- _Exercise goal_
Return, in their exact form, the lines that lie between the start of the data below and the line containing "三菱帕杰罗大修后空调压缩机不工作冷凝器风扇不转", with both ends included.

- _Supplied records_

_____

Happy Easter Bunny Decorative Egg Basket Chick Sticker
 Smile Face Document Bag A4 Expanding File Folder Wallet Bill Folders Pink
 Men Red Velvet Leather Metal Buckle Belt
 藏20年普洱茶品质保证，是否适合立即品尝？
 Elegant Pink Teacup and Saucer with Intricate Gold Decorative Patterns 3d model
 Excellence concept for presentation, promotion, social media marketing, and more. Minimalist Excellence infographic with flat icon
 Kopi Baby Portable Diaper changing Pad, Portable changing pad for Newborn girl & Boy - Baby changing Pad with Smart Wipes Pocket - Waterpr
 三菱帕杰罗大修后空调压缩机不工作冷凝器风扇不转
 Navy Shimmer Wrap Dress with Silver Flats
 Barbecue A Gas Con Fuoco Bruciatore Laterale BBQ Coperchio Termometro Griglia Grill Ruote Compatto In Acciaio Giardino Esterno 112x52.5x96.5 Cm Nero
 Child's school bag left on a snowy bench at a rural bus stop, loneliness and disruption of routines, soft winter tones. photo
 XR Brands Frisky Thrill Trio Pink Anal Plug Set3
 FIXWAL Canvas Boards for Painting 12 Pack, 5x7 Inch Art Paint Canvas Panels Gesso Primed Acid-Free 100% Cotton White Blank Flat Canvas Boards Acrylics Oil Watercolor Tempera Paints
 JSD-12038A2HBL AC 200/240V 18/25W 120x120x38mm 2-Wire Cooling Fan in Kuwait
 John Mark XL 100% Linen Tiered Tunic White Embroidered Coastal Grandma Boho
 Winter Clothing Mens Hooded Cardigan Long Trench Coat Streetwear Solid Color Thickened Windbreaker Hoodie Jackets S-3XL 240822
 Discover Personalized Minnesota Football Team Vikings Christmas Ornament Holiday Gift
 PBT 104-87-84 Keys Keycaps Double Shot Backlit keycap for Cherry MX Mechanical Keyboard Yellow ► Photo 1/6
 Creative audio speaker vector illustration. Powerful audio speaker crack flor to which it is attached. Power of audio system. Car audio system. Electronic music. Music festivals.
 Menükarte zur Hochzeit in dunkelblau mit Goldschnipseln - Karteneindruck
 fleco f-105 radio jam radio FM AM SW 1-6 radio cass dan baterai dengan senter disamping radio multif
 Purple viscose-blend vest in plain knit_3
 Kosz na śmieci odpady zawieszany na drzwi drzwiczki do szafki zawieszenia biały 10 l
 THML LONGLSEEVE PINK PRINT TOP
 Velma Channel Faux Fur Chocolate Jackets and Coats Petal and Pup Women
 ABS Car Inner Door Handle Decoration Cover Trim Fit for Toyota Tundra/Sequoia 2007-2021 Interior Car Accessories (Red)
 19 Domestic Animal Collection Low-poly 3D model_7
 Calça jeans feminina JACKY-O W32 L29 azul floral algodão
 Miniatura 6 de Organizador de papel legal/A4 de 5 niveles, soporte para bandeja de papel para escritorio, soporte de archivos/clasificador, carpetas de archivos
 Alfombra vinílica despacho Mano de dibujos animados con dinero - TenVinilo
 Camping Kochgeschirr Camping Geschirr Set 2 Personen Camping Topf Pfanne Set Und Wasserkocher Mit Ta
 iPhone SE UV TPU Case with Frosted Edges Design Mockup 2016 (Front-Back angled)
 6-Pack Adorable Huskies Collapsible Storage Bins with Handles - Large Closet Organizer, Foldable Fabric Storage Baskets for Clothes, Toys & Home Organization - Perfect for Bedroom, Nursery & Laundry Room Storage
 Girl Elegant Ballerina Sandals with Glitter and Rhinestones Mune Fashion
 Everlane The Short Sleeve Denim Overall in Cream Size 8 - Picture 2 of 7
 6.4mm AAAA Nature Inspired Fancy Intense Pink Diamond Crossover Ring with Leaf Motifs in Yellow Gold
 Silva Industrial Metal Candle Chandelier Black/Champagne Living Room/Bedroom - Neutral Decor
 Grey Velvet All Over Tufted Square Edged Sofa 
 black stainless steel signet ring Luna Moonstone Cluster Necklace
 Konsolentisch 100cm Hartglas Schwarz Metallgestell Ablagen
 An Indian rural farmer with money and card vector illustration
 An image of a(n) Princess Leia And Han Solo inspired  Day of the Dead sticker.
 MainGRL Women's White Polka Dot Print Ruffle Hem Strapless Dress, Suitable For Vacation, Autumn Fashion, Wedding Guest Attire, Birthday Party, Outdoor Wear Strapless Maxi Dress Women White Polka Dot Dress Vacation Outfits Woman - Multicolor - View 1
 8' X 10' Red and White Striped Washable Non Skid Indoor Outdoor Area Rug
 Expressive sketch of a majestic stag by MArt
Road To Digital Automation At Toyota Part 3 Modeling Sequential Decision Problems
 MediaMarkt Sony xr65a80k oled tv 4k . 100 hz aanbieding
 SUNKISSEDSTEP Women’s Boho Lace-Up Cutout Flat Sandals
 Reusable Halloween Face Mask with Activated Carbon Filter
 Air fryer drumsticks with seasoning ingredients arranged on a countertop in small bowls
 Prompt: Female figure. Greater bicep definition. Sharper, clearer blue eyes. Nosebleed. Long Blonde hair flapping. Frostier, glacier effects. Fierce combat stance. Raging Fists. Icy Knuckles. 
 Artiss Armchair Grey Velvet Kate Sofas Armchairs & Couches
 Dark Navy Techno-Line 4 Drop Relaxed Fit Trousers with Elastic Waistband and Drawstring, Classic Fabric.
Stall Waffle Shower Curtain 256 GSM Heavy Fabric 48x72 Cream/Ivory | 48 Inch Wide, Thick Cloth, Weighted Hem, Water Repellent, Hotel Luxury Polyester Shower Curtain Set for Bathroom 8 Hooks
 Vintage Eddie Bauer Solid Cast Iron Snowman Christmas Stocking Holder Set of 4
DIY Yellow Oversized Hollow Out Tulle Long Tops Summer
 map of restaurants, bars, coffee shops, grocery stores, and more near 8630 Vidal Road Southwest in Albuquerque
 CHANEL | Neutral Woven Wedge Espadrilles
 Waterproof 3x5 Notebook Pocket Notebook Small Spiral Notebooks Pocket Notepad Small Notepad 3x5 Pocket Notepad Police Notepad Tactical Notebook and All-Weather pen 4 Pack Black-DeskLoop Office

_____

- _Solution for this exercise_
Happy Easter Bunny Decorative Egg Basket Chick Sticker
 Smile Face Document Bag A4 Expanding File Folder Wallet Bill Folders Pink
 Men Red Velvet Leather Metal Buckle Belt
 藏20年普洱茶品质保证，是否适合立即品尝？
 Elegant Pink Teacup and Saucer with Intricate Gold Decorative Patterns 3d model
 Excellence concept for presentation, promotion, social media marketing, and more. Minimalist Excellence infographic with flat icon
 Kopi Baby Portable Diaper changing Pad, Portable changing pad for Newborn girl & Boy - Baby changing Pad with Smart Wipes Pocket - Waterpr
 三菱帕杰罗大修后空调压缩机不工作冷凝器风扇不转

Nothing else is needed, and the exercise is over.